▶ _Supplied material_
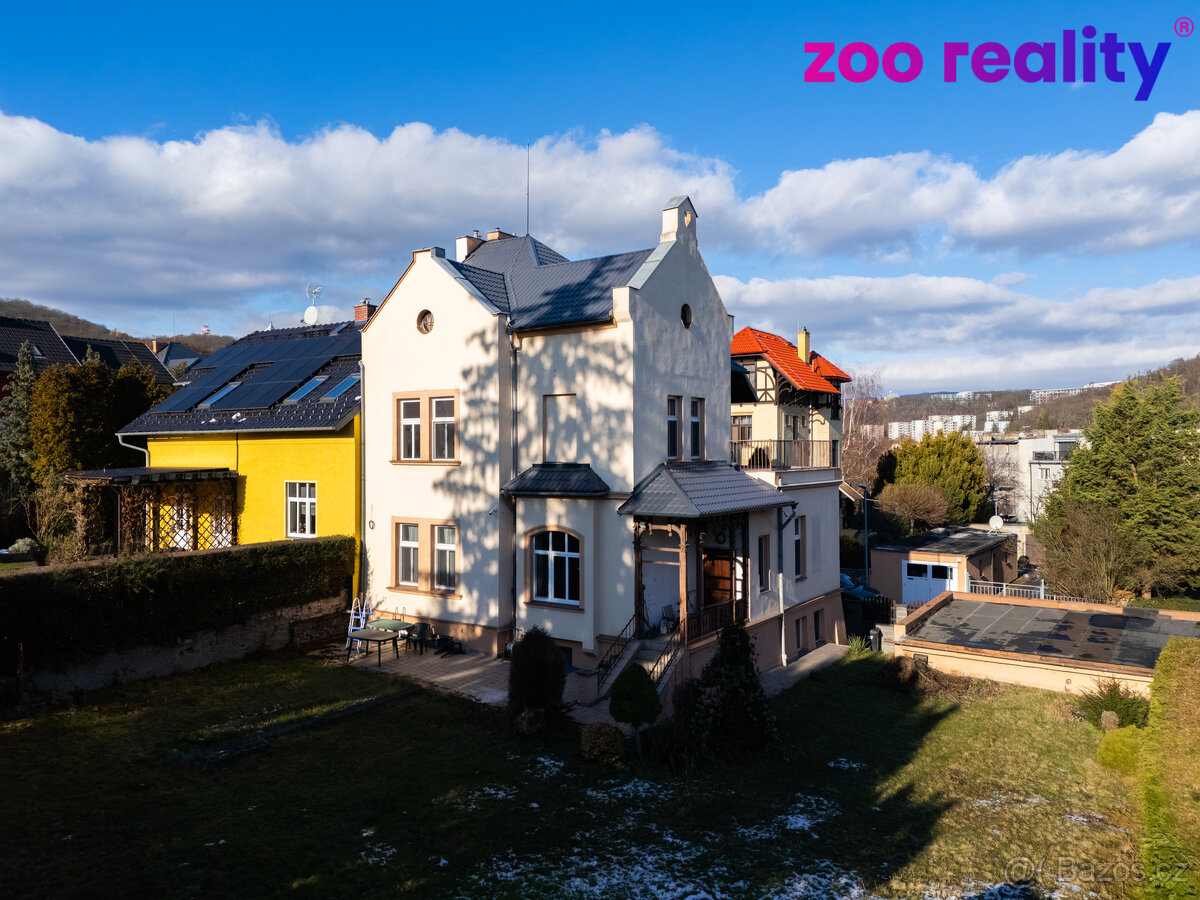 Prodej nadstandardní vily na velmi dobré adrese. - 19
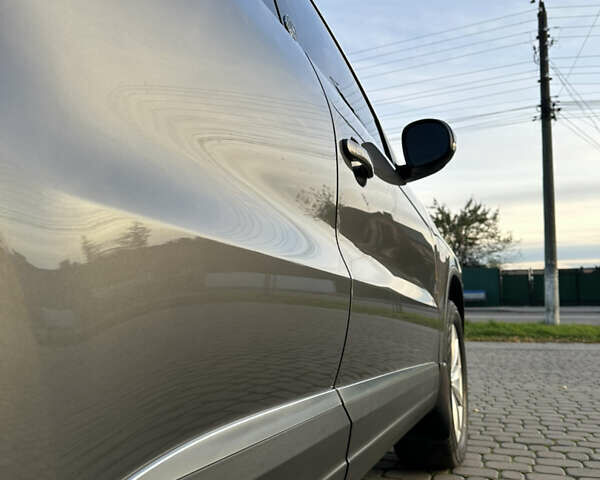 Сірий Фольксваген Тігуан, об'ємом двигуна 1.98 л та пробігом 158 тис. км за 13999 $, фото 48 на Automoto.ua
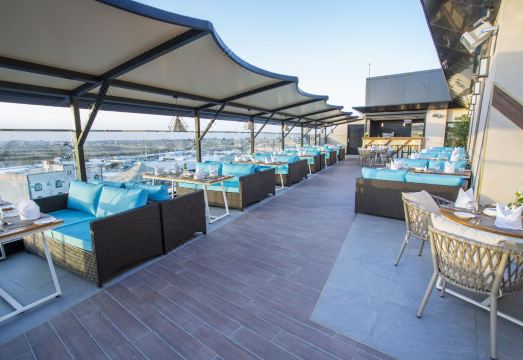 1. 벨라 인 호텔..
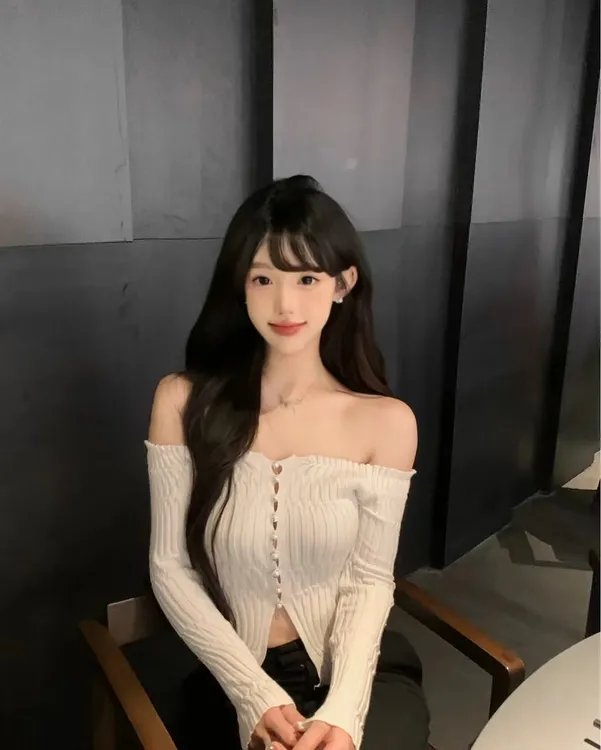 许我耀眼赵露思许妍同款白色一字肩针织衫女秋修身短款打底衫上衣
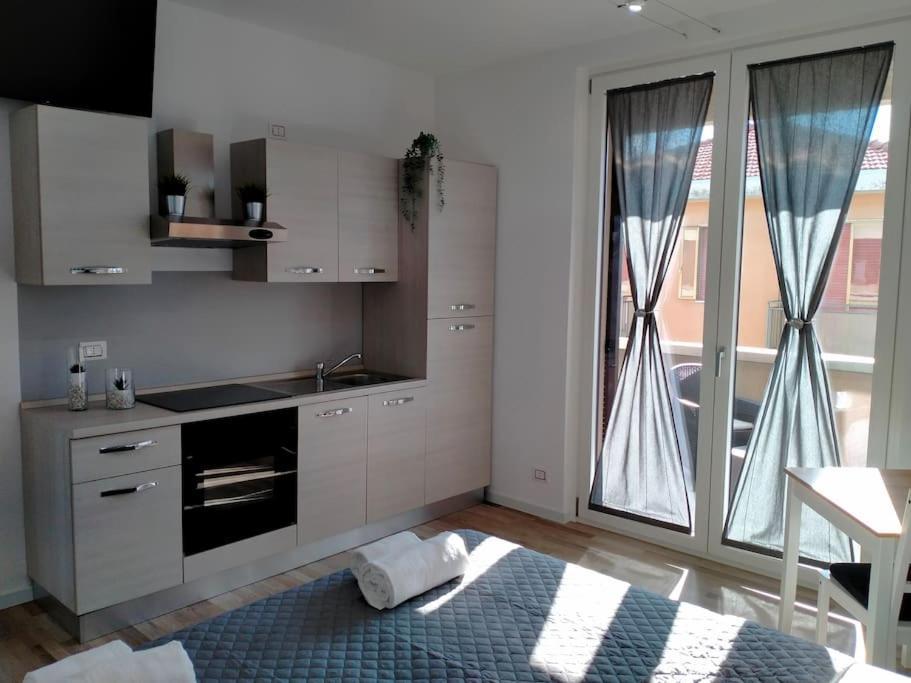 Suite Room Malpensa B&B Cardano Al Campo Exterior foto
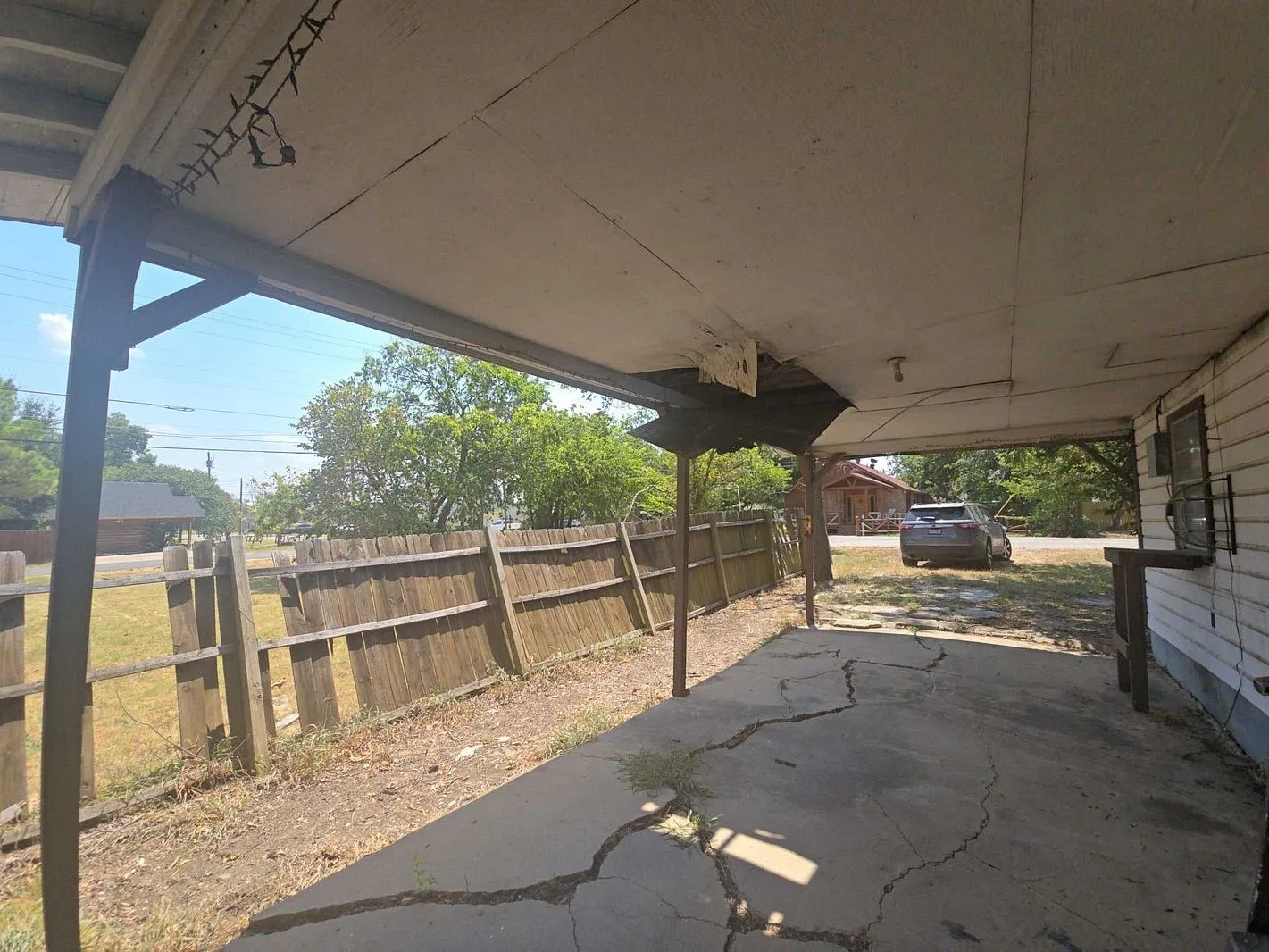Single Family Residence For Sale in Johnson County , 307 E Weaver Avenue, Alvarado, Texas 76009, 2 Bedroom, 2 Bathroom, Garage spaces, 936 Sqft, built in 1998, mls#21373139, Real Estate Agent in Alvarado, Homes For Sale in Johnson county, Homes For Sale in Alvarado, Realtor in Alvarado Texas, Real Estate Brokerage Independent Realty Texas, Luminita Cordes Realtor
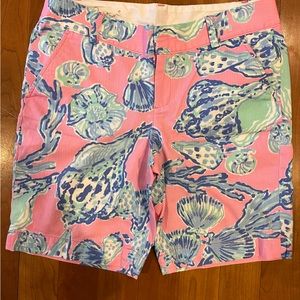Women’s size 10 Lilly Pulitzer shorts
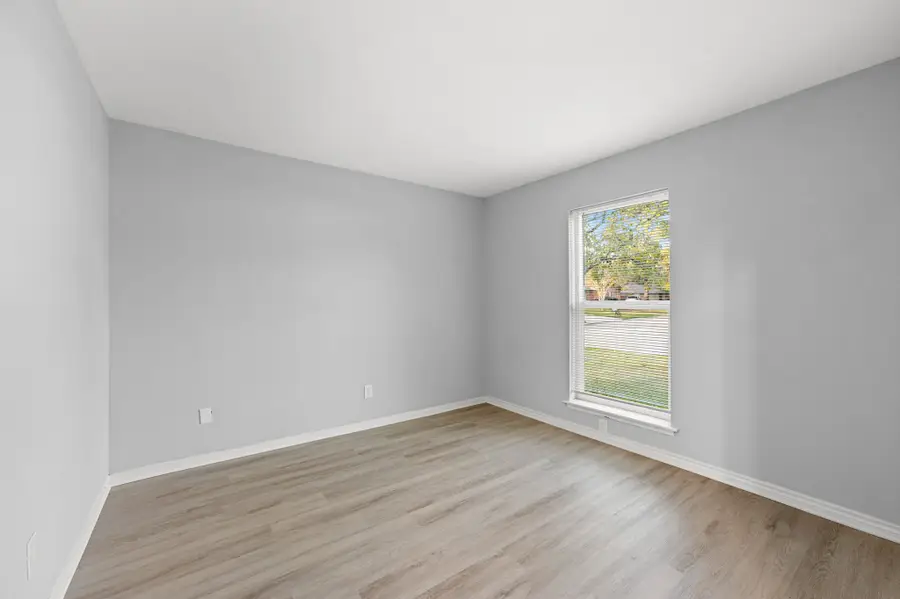 4802 Hannas Reef Drive, Bacliff, TX 77518 - #2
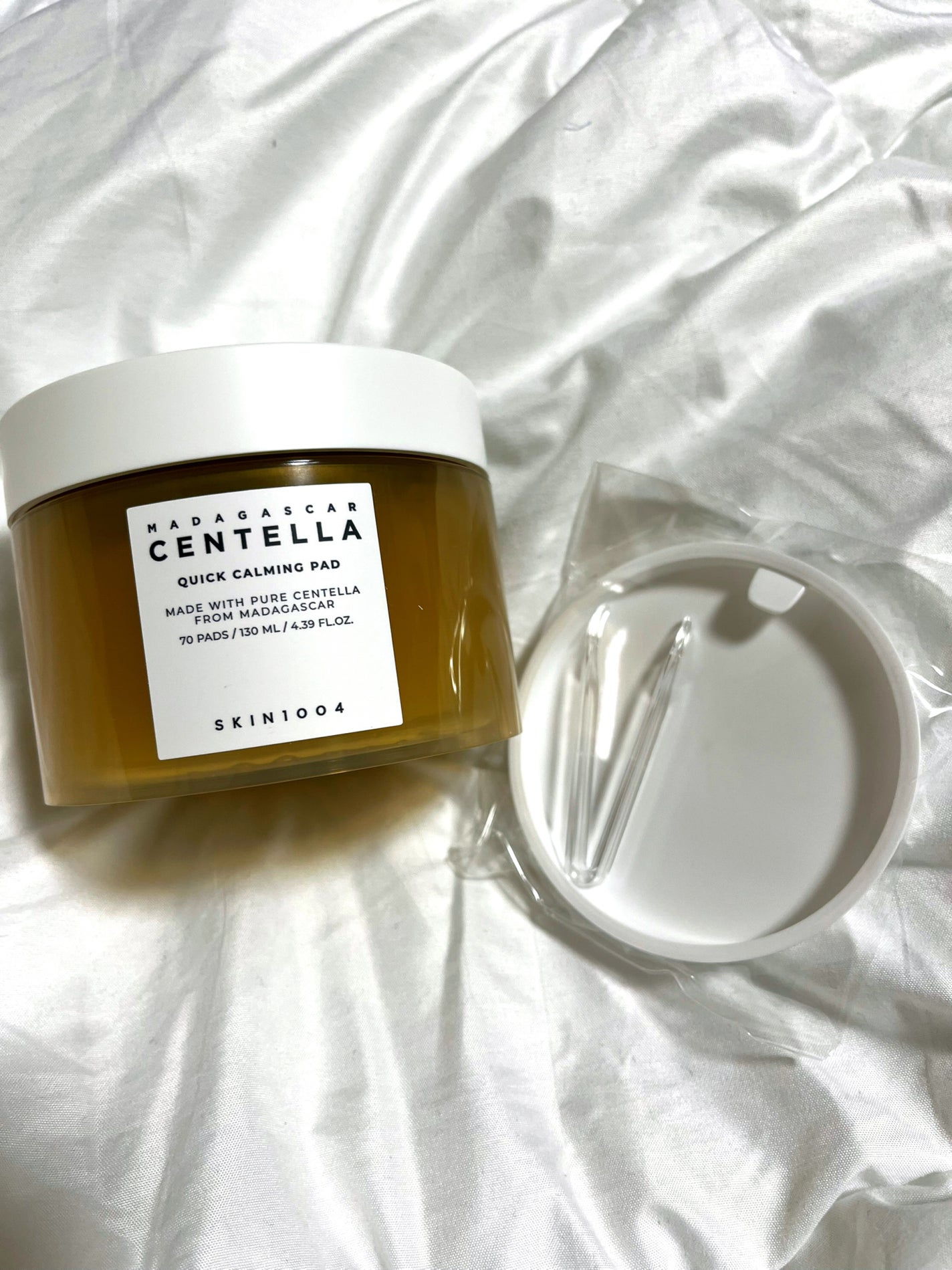 リリィー on LIPS 「使ってすぐのお肌のツルツル感に感動しましためっちゃひたひたです..」(1枚目)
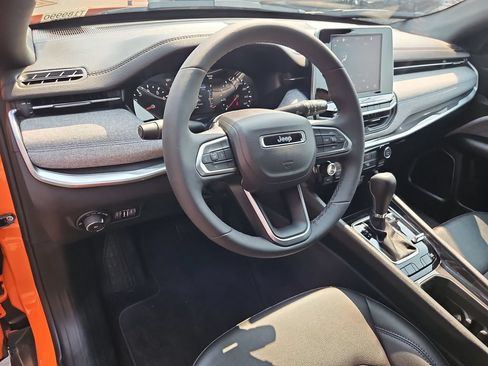 Certified 2026 Jeep Compass Latitude AWD/4WD image 13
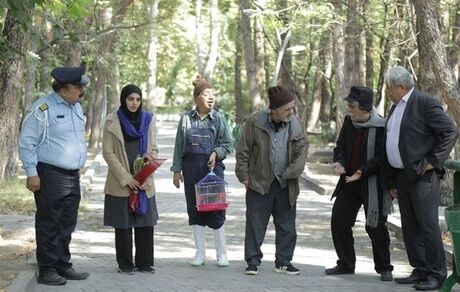 مجموعه تلویزیونی طنز ۹۰ قسمتی با بازی حمید لولایی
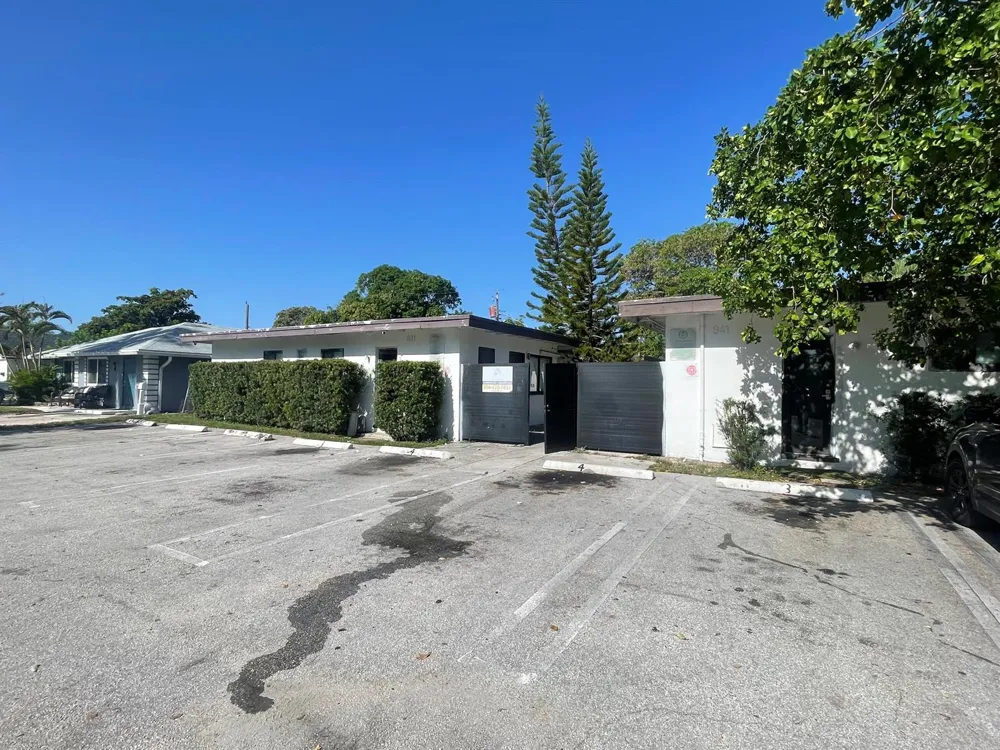841 NW 5TH AVENUE #3 Pompano Beach, FL 33060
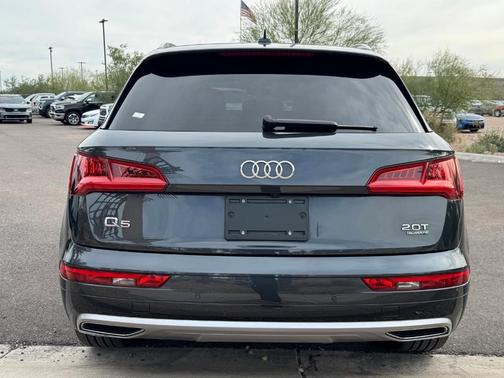 2018 Audi Q5 2.0T Prestige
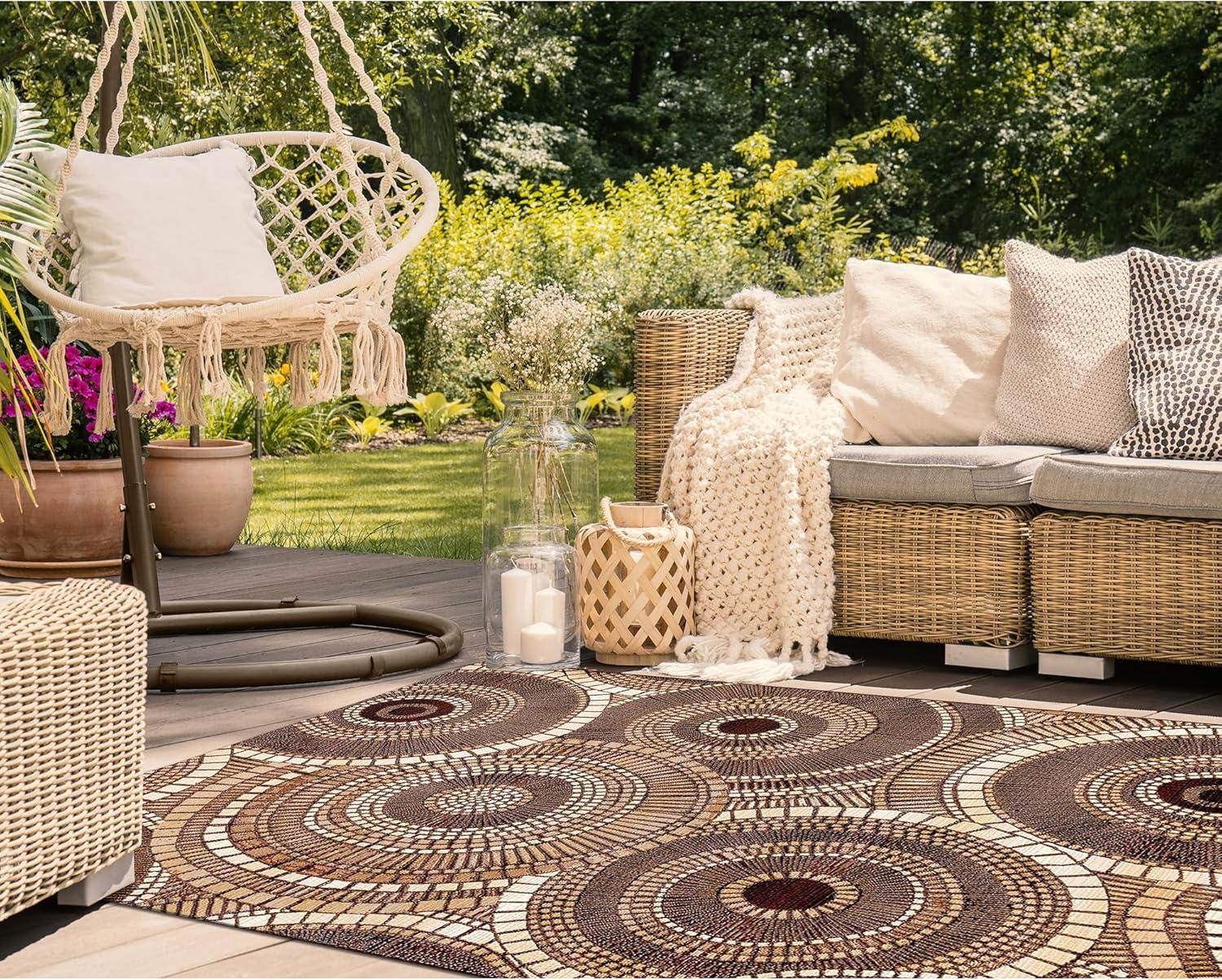 Liora Manne Marina Circles Indoor/Outdoor Rug Brown 2'7" x 4'3"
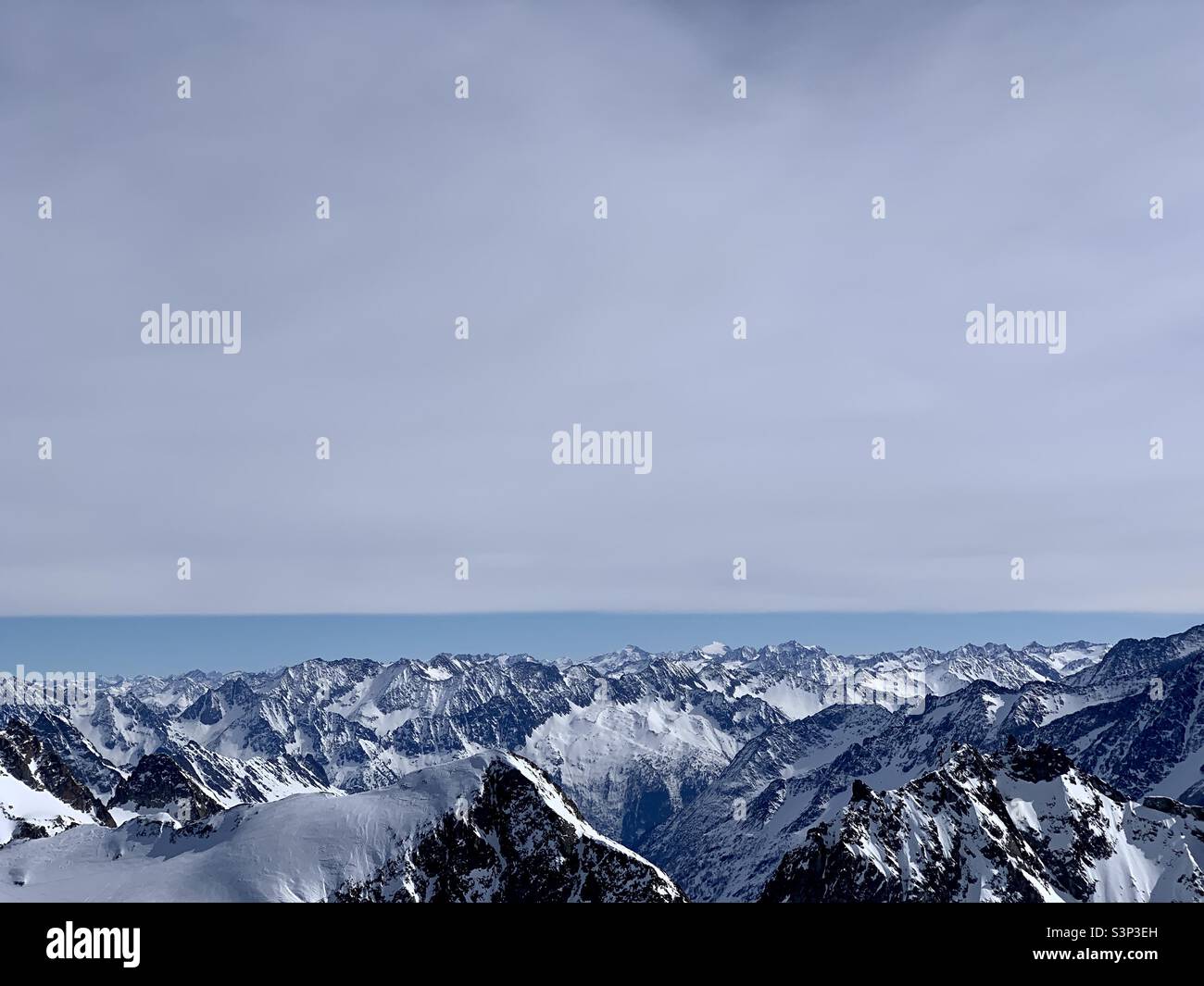 Vista panoramica delle Alpi dal Monte Titlis, Engelberg, Svizzera. Foto Stock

▶ _Directions_
Look above for the line with "许我耀眼赵露思许妍同款白色一字肩针织衫女秋修身短款打底衫上衣" and the line with "Certified 2026 Jeep", then copy exactly the lines from the first through the second, both kept, with no pictures.

▶ _Solution to this exercise_
 许我耀眼赵露思许妍同款白色一字肩针织衫女秋修身短款打底衫上衣
 Suite Room Malpensa B&B Cardano Al Campo Exterior foto
Single Family Residence For Sale in Johnson County , 307 E Weaver Avenue, Alvarado, Texas 76009, 2 Bedroom, 2 Bathroom, Garage spaces, 936 Sqft, built in 1998, mls#21373139, Real Estate Agent in Alvarado, Homes For Sale in Johnson county, Homes For Sale in Alvarado, Realtor in Alvarado Texas, Real Estate Brokerage Independent Realty Texas, Luminita Cordes Realtor
Women’s size 10 Lilly Pulitzer shorts
 4802 Hannas Reef Drive, Bacliff, TX 77518 - #2
 リリィー on LIPS 「使ってすぐのお肌のツルツル感に感動しましためっちゃひたひたです..」(1枚目)
 Certified 2026 Jeep Compass Latitude AWD/4WD image 13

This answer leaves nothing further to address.